» **Exercise directions**
Every entry is to be returned as it stands, apart from the pictures.

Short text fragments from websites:
-----

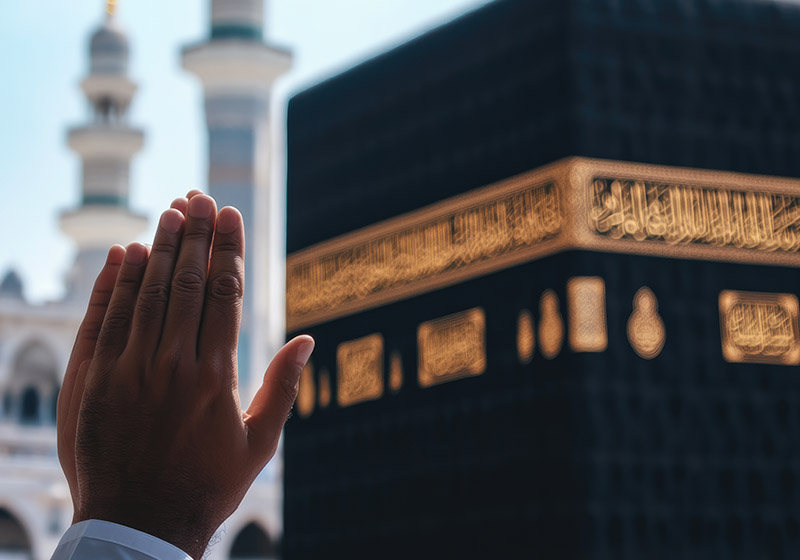 شركة الطائفين لخدمة حجاج الداخل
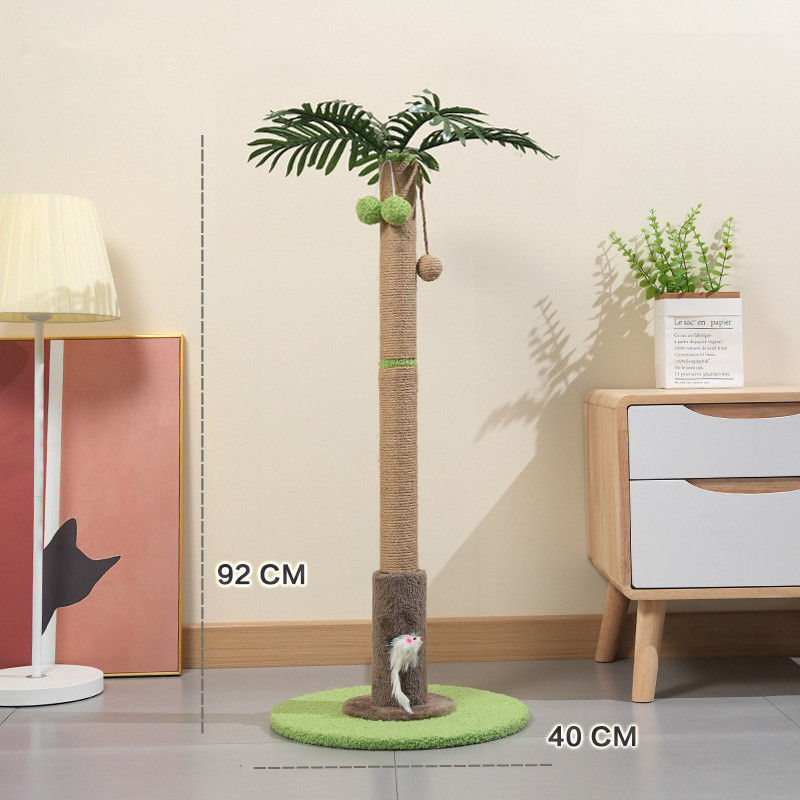 Cocotero verde XL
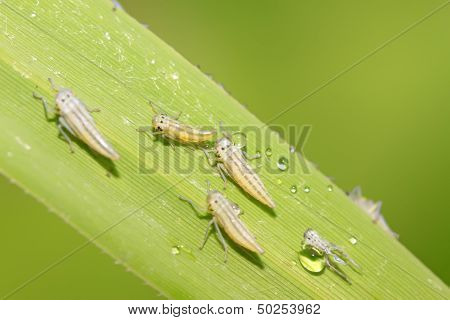 Leafhopper Larvae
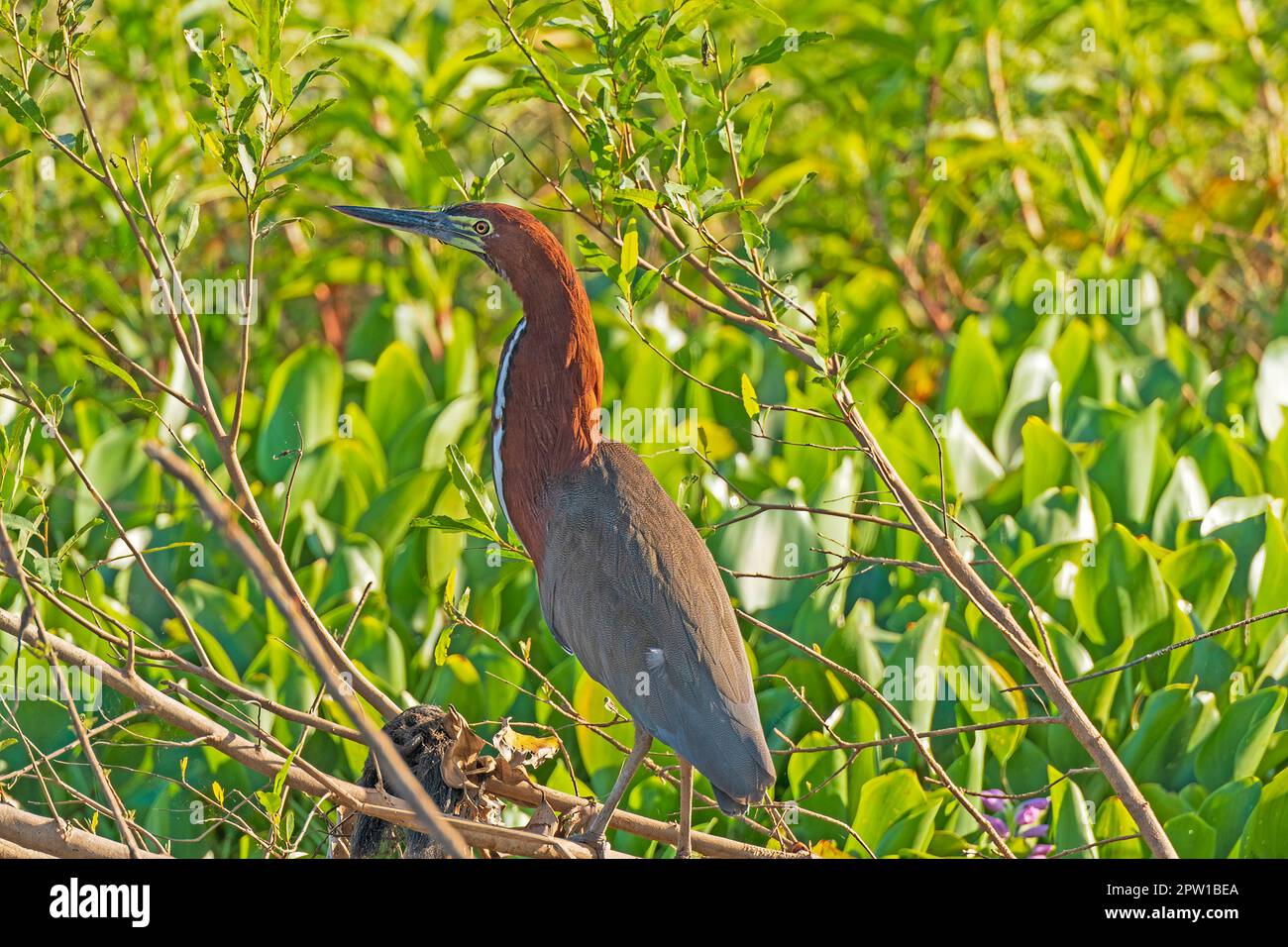 A Rufescent Tiger Heron on a Jungle Shore in the Pantanal in Brazil Stock Photo
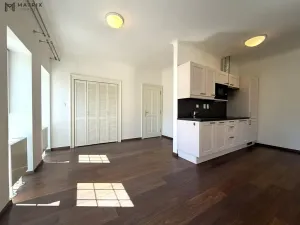 Pronájem bytu 1+kk, Praha - Libeň, Zenklova, 77 m2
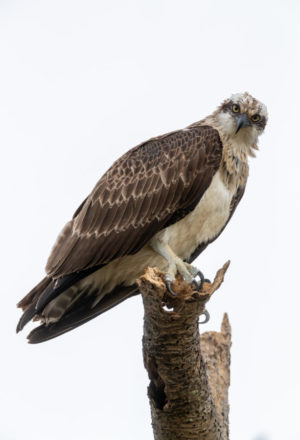 Eastern osprey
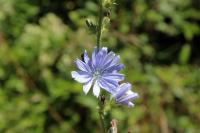 Cichorium intybus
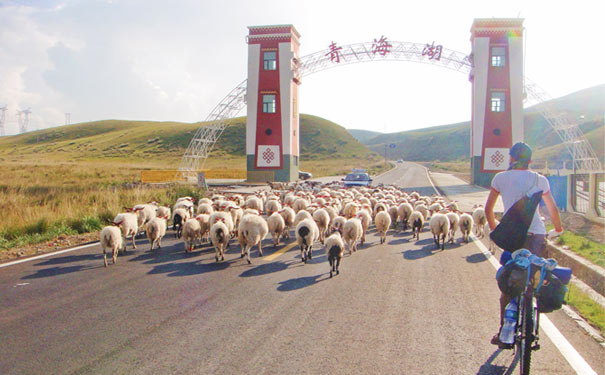 青海湖骑行-重庆中国青年旅行社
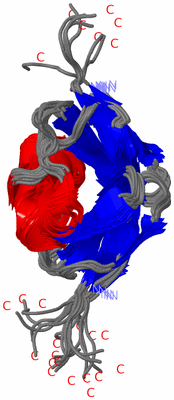 Image NMR Structure - all models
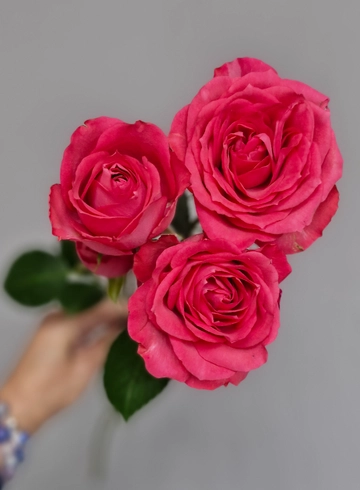 Кустовая роза Белинда от интернет-магазина цветов в 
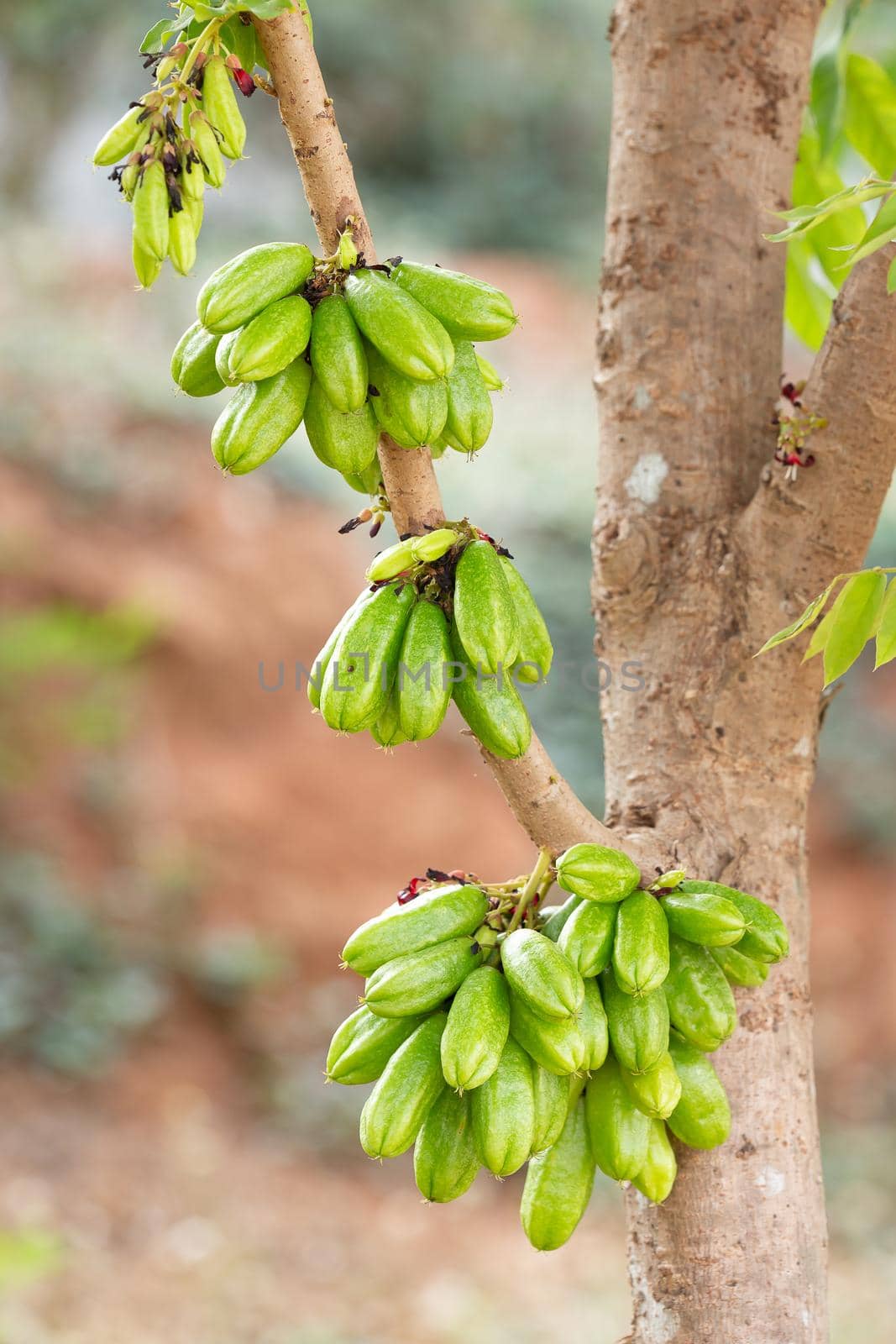 Closeup bunch of bilimbi fruit on tree in farm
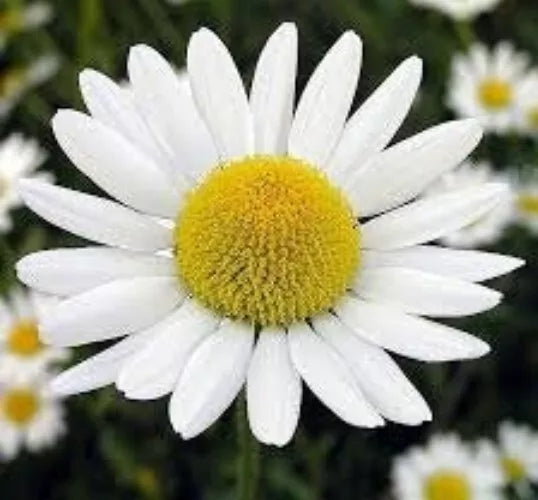 Roman Chamomile Seeds 100 Seeds Organic Herbal Tea Plant Anthemis nobilis
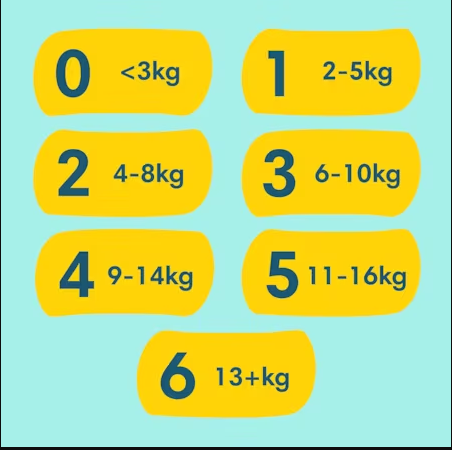 Pampers Premium Care Mega Box 88 buc | Piele catifelată - imagine 7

-----

» **Expected answer**
 شركة الطائفين لخدمة حجاج الداخل
 Cocotero verde XL
 Leafhopper Larvae
 A Rufescent Tiger Heron on a Jungle Shore in the Pantanal in Brazil Stock Photo
 Pronájem bytu 1+kk, Praha - Libeň, Zenklova, 77 m2
 Eastern osprey
 Cichorium intybus
 青海湖骑行-重庆中国青年旅行社
 Image NMR Structure - all models
 Кустовая роза Белинда от интернет-магазина цветов в 
 Closeup bunch of bilimbi fruit on tree in farm
 Roman Chamomile Seeds 100 Seeds Organic Herbal Tea Plant Anthemis nobilis
 Pampers Premium Care Mega Box 88 buc | Piele catifelată - imagine 7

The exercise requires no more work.